Substitution and integration by parts

[cscott]

Homework Statement

Can anybody help me integrate [tex]x^3 e^{x^2}[/tex]

The Attempt at a Solution

I can't see how to do it by substitution or integration by parts.

 

[G01]

Here's a hint. Did you try doing one and THEN the other?

 

[asd1249jf]

Homework Statement

Can anybody help me integrate [tex]x^3 e^{x^2}[/tex]

The Attempt at a Solution

I can't see how to do it by substitution or integration by parts.

Integration by parts should work. Set u equal to the term which will diminish eventually as you keep taking the derivative of and dv equal to the other term.

 

[Avodyne]

It's hard to integrate e^(x^2). It's easy to integrate e^x. Does this suggest a substitution you might consider?

 

[CompuChip]

Actually exp(x^2) is a sort of standard integral. It's called a Gaussian integral. You can find it in about any physics book, vector calculus book or at the front of any integral table, sometimes with proof. The idea is basically to calculate
[tex]\left( \int e^{x^2} \, dx \right)^2 = \left( \int e^{x^2} \, dx \right) \left( \int e^{y^2} \, dy \right) = \left( \int e^{x^2 + y^2} \, dx \, dy \right)[/tex]
and evaluate it using polar coordinates.

 

[Avodyne]

That only works if you're doing a definite integral over an infinite range. The question asks for the indefinite integral.

 

[dextercioby]

Not to mention that you need a "-" sign in the exponent, else it won't converge...

 

[HallsofIvy]

Avodyne's suggestion is the best in my opinion.

 

[cscott]

I think I see where I messed up in my substitution, which made me think it'd be useless

So with a u substitution I should get [tex]\frac{1}{2}u \cdot e^{u}[/tex] ?

Thanks for all the suggestions.

 

[dynamicsolo]

I think I see where I messed up in my substitution, which me me think it'd be useless

So with a u substitution I should get [tex]\frac{1}{2}u \cdot e^{u}[/tex] ?

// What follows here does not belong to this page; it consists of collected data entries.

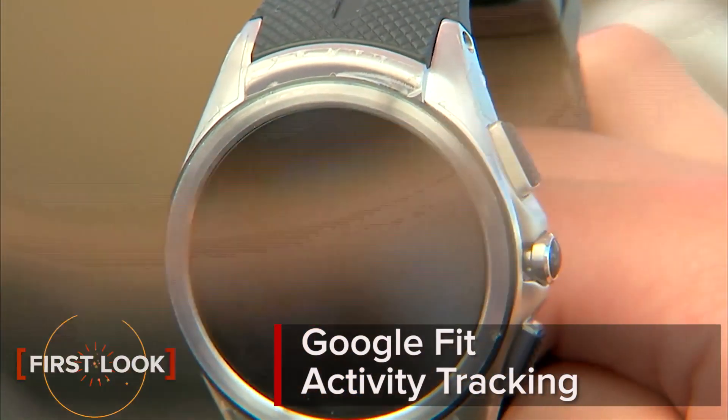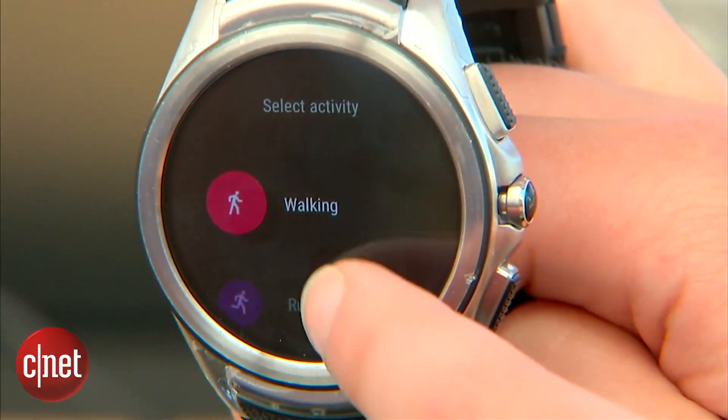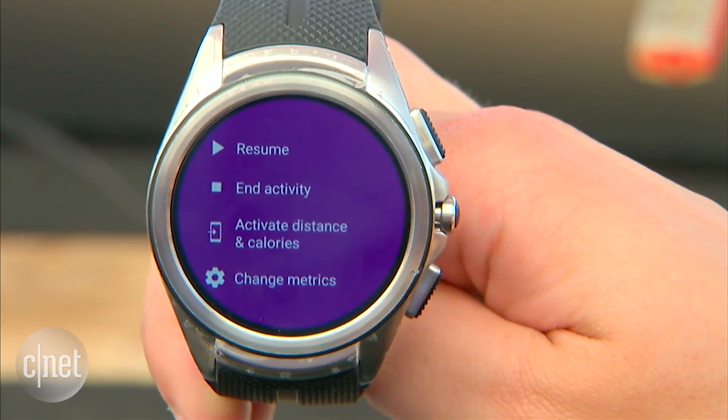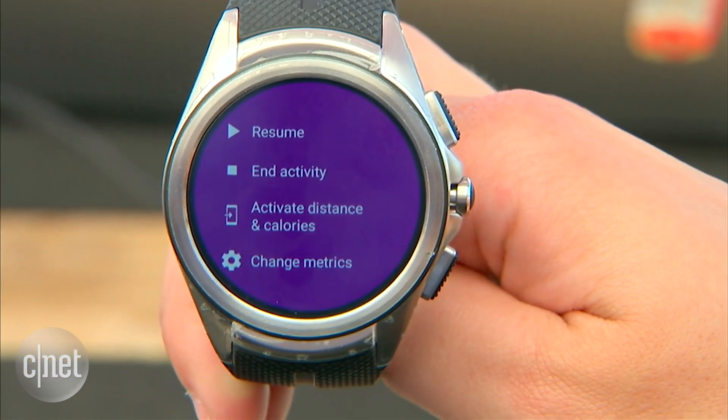Google's Android Wear watches already have a Fit app that measures a lot of things, but it's going to start getting more automatic with how it tracks exercise. First of all, it tracks activity automatically — it's going to start doing that.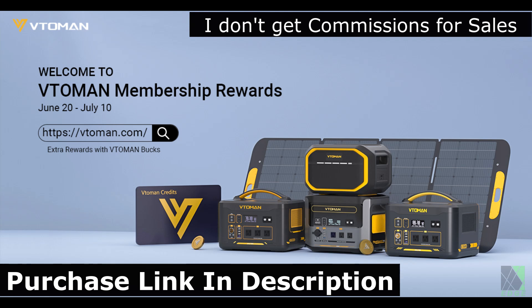Please note I don't accept commissions for sales from reviews. If you'd like to purchase the Vito-Men Jump 1800, a product link is in the description. Vito-Men will be offering discounts to customers during their Members Day promotional event from June 20 to July 10, 2024 — be sure to check them out if you're interested. I want to say thanks to Vito-Men for providing this sample unit for the review. I look forward to using it to power my workshop and it will probably appear in later videos. Thanks for watching and hope to see you next time.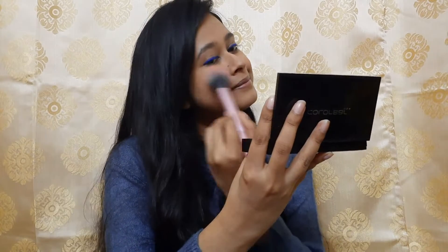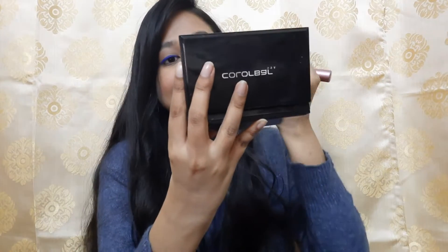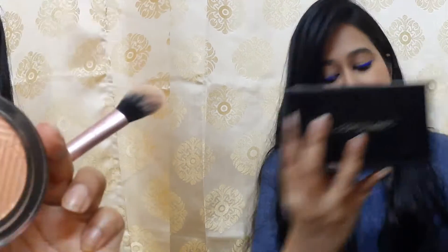I'll be keeping the rest of my face neutral. I'm using this poppy brush to add some color to my face using this color bar palette. And then I'll be using this medium master foam highlighter to give a beautiful subtle glow.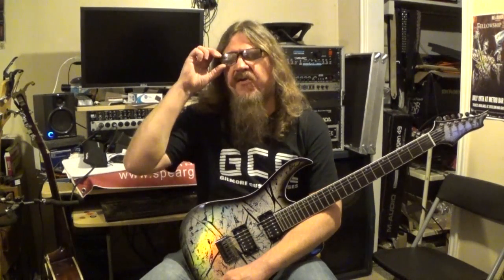Hey everybody, how's it going? This is Darren Gidman from GuitarControl.com bringing you this video lesson. Today I want to go over some basic fundamental things as far as practicing goes if you're a beginner. A question that I get asked a lot from students — and I remember having the same question when I was in guitar lessons — and I never really got a good answer on it as a general rule.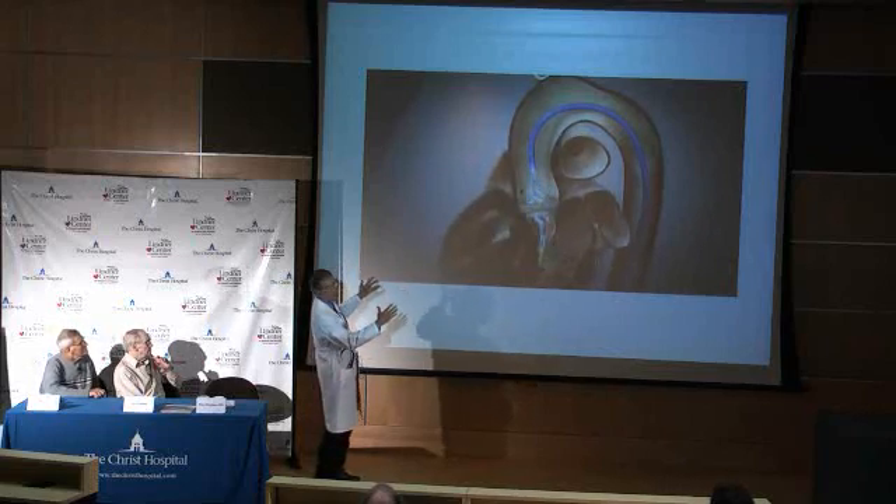Any other questions from the audience? I want to say thank you for coming, and I can't thank the team at Christ Hospital enough for this truly monumental collaborative effort. Thank you.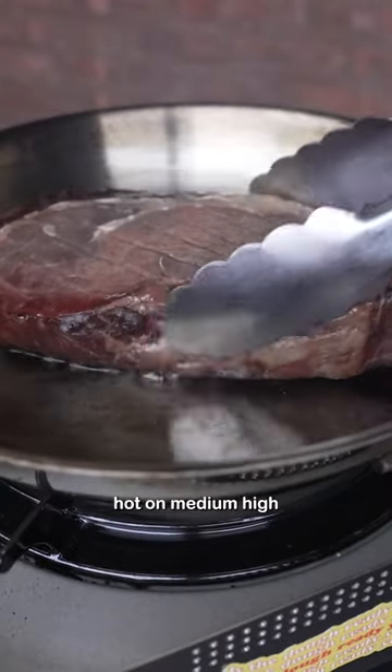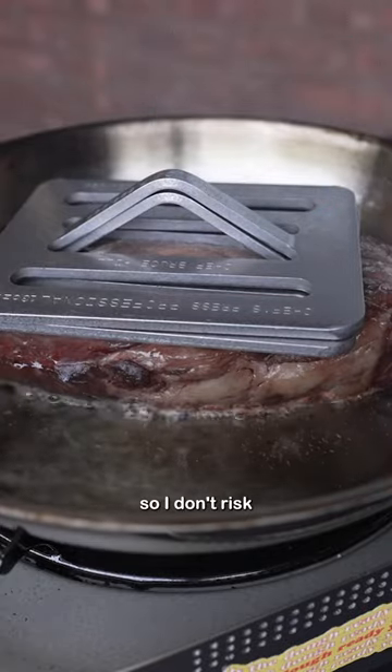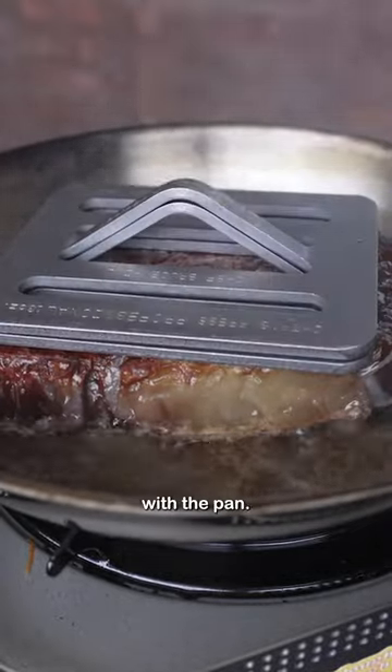Get my stainless steel pan hot on medium-high heat and add avocado oil. I'm cooking this on my patio so I don't risk my smoke detector going off. Pat the steak with a paper towel before placing it in the pan. I like to add these chef's presses so more of the meat has contact with the pan.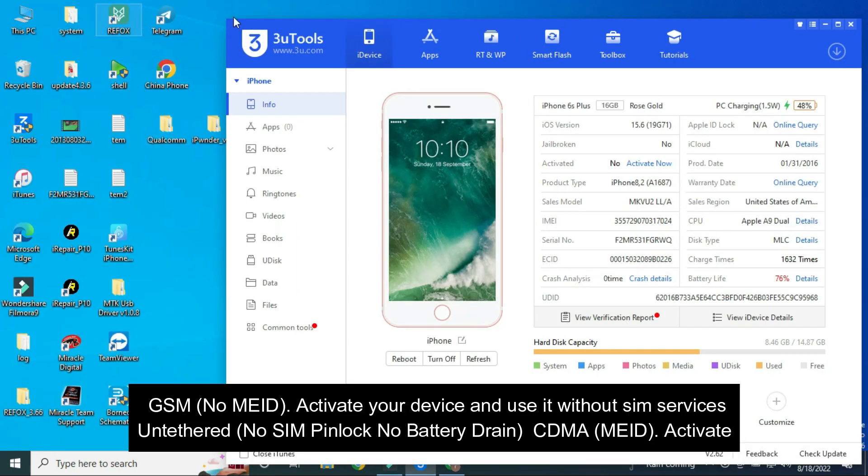GSM, no MEID: activate your device and use it without SIM services untethered, no SIM pinlock, no battery drain. CDMA and MEID options are also supported.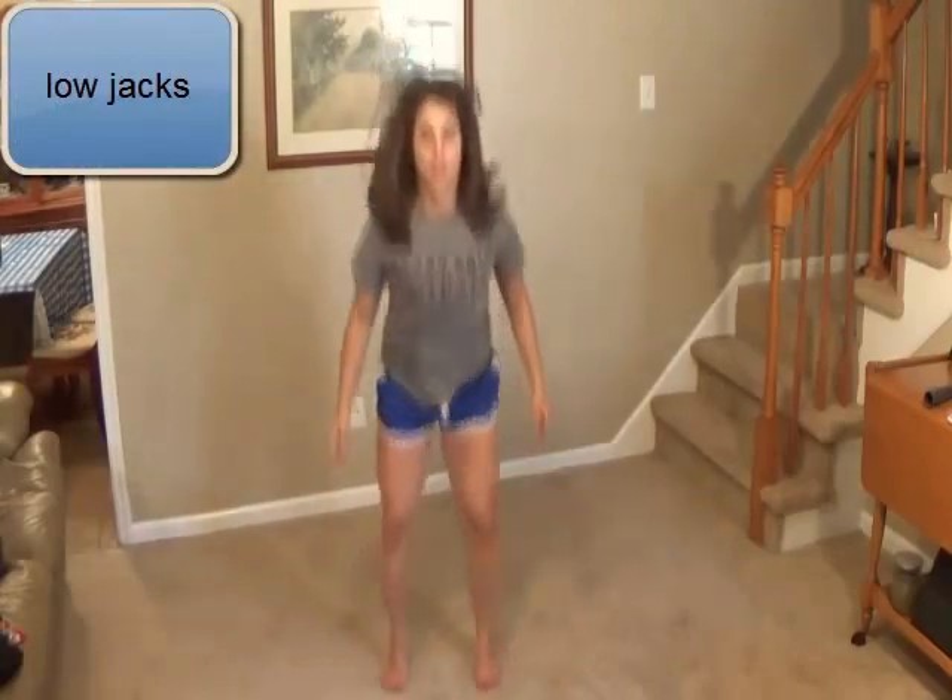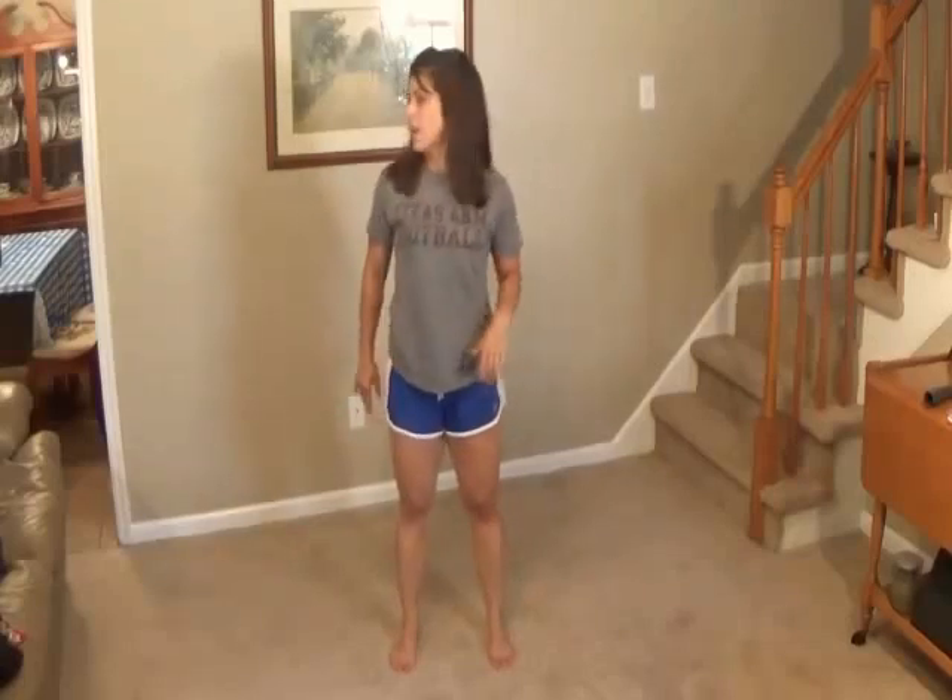First exercise: Low Jacks. You're going to come down — I put my hands on my hips on this one. If you don't want to jump, get a chair. You can come down like this and make sure you tap your butt. Or if you can hop a little and your knees don't bother you, you can do a drop squat.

Thanks for all the suggestions.

Yes, that does work. (I was still editing my reply while you posted this.) You should get

(1/2)[ (x^2) - 1 ] · exp(x^2) + C .

It's one of those oddball integrals that looks like one of the exponents went the wrong way, but when you check your result, differentiating the exp(x^2) provides the factor that gets you the (x^3) ...

 

[HallsofIvy]

Actually, you should get
[tex]\frac{1}{2}u e^u du[/tex]